Sack the useless, and they took you to tribunal for discriminating against useless people. So the Service bunged the useless into some god forsaken annex and threw paperwork at them, an administrative harassment intended to make them hand in their cards.

Those savvy enough to play their cards rather than hand them in need to be old dogs for the hard road. At their head, the redoubtable Jackson Lamb. The determination of the users to oust the useless is met with fierce resistance fueled by career addiction. Hard for a spook to see the writing on the wall when their job as a spy depends on them not seeing it, as the Upton Sinclair quip goes. And so each rung of the career ladder, even the lowermost, is gripped with the tenacity exhibited by a shipwrecked sailor holding on to whatever debris might keep him afloat.  

My mother always insisted on befriending the characters in novels, so it is probably a trait picked up from her. What I loved when reading the Sven Hassel war series as an imprisoned teenager five decades ago, was accompanying the main players as they fought their way from one theatre of war to the next. Slough House characters, too, serve in their own penal battalion. Staying with them keeps the journey riveting. River Cartwright is back with Jackson Lamb and the team. Just as it was almost fifty years ago with Tiny and Porta. Then there is Spider Webb, a nemesis of Cartwright from the opening book, Slow Horses. An oleaginous slimeball to break even my mother’s empathy with characters.

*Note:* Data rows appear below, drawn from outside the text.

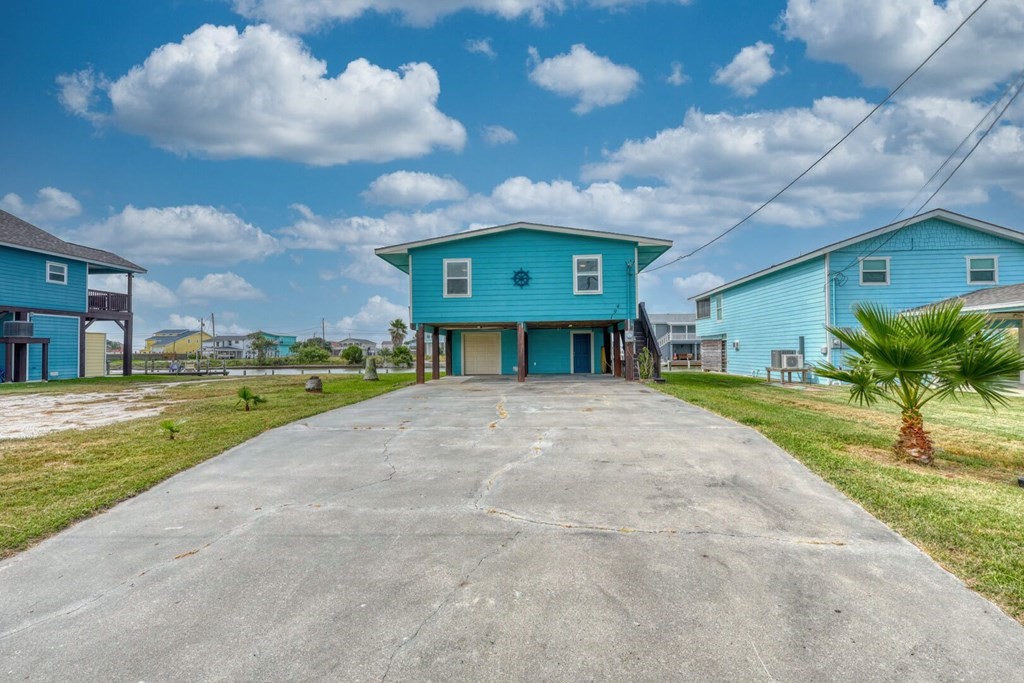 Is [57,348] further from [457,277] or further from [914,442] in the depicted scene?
[914,442]

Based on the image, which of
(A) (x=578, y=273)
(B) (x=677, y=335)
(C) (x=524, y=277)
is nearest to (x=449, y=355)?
(C) (x=524, y=277)

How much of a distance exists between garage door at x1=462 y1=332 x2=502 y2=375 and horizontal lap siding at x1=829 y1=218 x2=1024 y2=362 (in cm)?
1320

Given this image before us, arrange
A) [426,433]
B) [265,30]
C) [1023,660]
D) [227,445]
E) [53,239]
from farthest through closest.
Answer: [53,239] < [265,30] < [426,433] < [227,445] < [1023,660]

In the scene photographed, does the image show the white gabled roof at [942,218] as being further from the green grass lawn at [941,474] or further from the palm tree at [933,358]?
the palm tree at [933,358]

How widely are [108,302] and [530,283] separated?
2410cm

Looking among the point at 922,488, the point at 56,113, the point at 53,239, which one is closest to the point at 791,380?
the point at 922,488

Another type of denizen of the dark it is impossible to befriend is the reptilian agent of influence. Seems they are a universal phenomenon that leech onto the body they are ostensibly part of, which they go on to bleed dry. Having proved to their paymasters their biddability, pliability is the state they seek to reduce their host to, influence their method.  

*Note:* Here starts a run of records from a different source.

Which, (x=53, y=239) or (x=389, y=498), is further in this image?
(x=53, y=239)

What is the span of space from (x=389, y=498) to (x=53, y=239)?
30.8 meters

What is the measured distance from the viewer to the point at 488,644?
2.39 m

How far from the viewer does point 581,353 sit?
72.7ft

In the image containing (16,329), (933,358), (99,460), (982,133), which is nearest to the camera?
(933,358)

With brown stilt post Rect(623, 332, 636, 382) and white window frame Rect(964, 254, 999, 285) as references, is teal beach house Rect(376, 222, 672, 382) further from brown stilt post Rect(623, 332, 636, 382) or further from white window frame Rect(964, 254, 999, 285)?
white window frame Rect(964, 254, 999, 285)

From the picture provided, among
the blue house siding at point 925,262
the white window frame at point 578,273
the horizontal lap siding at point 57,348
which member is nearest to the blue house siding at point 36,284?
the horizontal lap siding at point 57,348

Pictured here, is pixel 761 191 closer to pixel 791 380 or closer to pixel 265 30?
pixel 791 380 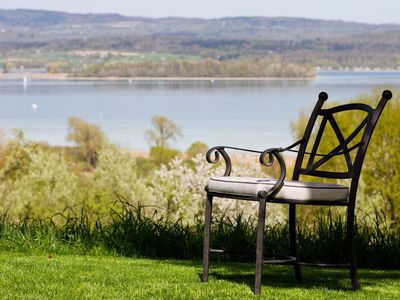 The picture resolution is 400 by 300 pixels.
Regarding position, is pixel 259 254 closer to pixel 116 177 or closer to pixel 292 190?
pixel 292 190

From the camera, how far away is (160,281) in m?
5.78

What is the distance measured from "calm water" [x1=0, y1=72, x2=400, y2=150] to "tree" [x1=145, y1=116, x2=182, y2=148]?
1.09m

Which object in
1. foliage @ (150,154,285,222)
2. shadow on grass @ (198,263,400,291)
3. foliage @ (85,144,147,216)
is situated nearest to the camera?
shadow on grass @ (198,263,400,291)

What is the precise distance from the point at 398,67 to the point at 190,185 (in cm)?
11114

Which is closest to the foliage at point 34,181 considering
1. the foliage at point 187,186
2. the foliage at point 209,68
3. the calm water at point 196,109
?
the foliage at point 187,186

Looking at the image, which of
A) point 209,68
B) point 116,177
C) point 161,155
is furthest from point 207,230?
point 209,68

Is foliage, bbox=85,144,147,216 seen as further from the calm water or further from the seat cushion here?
the seat cushion

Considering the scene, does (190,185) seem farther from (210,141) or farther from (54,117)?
(54,117)

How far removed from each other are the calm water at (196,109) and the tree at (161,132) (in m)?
1.09

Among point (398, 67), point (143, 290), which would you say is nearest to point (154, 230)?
Answer: point (143, 290)

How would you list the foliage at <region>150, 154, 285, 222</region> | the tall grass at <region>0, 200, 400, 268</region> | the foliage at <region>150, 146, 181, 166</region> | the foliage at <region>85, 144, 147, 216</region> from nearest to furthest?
the tall grass at <region>0, 200, 400, 268</region> < the foliage at <region>150, 154, 285, 222</region> < the foliage at <region>85, 144, 147, 216</region> < the foliage at <region>150, 146, 181, 166</region>

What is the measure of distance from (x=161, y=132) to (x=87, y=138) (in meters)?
15.5

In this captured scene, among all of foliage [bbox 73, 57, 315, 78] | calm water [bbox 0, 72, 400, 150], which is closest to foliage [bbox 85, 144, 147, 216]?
calm water [bbox 0, 72, 400, 150]

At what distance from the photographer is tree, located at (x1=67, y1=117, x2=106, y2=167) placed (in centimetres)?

They were agents of influence. They were bright talented people, with access to people with access, and they reached right into the heart of the establishment.

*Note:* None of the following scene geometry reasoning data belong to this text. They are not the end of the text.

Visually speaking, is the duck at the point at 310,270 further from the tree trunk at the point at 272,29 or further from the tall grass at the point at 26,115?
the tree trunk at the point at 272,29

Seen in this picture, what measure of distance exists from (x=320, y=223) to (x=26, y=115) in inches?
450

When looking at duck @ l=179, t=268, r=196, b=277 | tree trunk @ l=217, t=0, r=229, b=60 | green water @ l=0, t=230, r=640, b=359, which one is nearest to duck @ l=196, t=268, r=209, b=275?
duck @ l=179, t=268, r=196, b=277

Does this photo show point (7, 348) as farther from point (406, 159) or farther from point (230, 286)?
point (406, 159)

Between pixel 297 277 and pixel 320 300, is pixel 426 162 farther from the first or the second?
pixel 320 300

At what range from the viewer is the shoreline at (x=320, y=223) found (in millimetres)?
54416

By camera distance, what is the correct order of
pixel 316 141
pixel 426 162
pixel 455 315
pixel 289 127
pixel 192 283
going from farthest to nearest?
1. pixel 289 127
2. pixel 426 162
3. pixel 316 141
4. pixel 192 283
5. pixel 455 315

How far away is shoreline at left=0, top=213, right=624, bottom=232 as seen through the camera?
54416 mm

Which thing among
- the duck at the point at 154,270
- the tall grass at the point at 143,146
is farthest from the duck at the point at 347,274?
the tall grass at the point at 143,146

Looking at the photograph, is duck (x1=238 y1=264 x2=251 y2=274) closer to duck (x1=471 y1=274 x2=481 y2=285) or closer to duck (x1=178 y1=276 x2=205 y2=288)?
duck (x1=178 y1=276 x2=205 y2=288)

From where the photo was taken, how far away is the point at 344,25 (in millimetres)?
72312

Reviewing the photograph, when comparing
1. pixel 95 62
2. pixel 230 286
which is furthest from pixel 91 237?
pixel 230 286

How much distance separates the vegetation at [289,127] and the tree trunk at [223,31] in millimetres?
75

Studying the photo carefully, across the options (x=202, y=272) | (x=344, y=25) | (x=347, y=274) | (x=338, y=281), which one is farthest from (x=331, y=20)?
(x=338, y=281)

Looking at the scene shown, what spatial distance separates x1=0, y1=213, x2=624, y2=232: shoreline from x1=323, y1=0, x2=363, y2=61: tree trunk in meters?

There is a bald ring of familiarity about the type. 

A dead spy, his body discovered on a bus close to Oxford – a city whose university was the starting point for many a career in espionage - even had it not being suspicious it would have been viewed by the suspicious minds of spies as being suspicious anyway. A seeming heart attack but . . . Lamb, never to be led to the slaughter, thinks to himself that Dickie Bow has been murdered. Lamb knew Bow from the day when both had been Cold War warriors trudging the streets of Berlin. While there may not have been much Lamb seemed to care about, he did regard joes in the field with something that might be described as fondness. That would not have inhibited his farting when speaking of them. Better out than in as he said, but then maybe not. 

The inquest findings did not surprise him, probably a veteran author of too many contrived coroner’s reports to trust them. Alexander Popov, who features in the book is not to be confused by the inattentive reader with Stefan Popper when it comes to thinking of dodgy coroners. But that is another story which might confuse if persisted with.

With Popov, enter the Russians – these days they always do. If not poisoning adversaries at Salisbury they might be using public transport as a form of hearse.

This is a game of cat and mouse although not in the way a a reader might expect. Herron makes great use of the imagery to take readers on a tour of Slough House, the stable of the Slow Horses. The cat in particular, moves like a rumour!

Humorous and profane, when the Slow Horses gallop, the reader is reminded: "when Lions yawn, it doesn't mean they're tired. It means they're waking up."

Mike Herron, 2013, Dead Lions. Soho Press. ISBN-13: ‎ 978-1616952259.